◆ ASSIGNMENT ◆
Can you give all the records again without altering a single character?

====== MATERIAL TO PROCESS

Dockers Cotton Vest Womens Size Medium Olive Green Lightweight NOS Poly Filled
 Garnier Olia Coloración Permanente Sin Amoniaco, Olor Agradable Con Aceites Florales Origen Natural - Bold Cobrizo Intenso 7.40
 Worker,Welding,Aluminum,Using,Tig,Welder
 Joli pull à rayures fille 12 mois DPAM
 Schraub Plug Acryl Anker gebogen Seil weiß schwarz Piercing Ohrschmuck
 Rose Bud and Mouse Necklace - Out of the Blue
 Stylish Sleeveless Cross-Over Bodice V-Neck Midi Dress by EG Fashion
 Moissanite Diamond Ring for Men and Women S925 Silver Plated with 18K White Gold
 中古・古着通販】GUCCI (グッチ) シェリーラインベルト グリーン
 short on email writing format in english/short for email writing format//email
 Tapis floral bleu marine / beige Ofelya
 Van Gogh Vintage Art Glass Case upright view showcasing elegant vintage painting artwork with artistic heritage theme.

============

◆ EXERCISE SOLUTION ◆
Dockers Cotton Vest Womens Size Medium Olive Green Lightweight NOS Poly Filled
 Garnier Olia Coloración Permanente Sin Amoniaco, Olor Agradable Con Aceites Florales Origen Natural - Bold Cobrizo Intenso 7.40
 Worker,Welding,Aluminum,Using,Tig,Welder
 Joli pull à rayures fille 12 mois DPAM
 Schraub Plug Acryl Anker gebogen Seil weiß schwarz Piercing Ohrschmuck
 Rose Bud and Mouse Necklace - Out of the Blue
 Stylish Sleeveless Cross-Over Bodice V-Neck Midi Dress by EG Fashion
 Moissanite Diamond Ring for Men and Women S925 Silver Plated with 18K White Gold
 中古・古着通販】GUCCI (グッチ) シェリーラインベルト グリーン
 short on email writing format in english/short for email writing format//email
 Tapis floral bleu marine / beige Ofelya
 Van Gogh Vintage Art Glass Case upright view showcasing elegant vintage painting artwork with artistic heritage theme.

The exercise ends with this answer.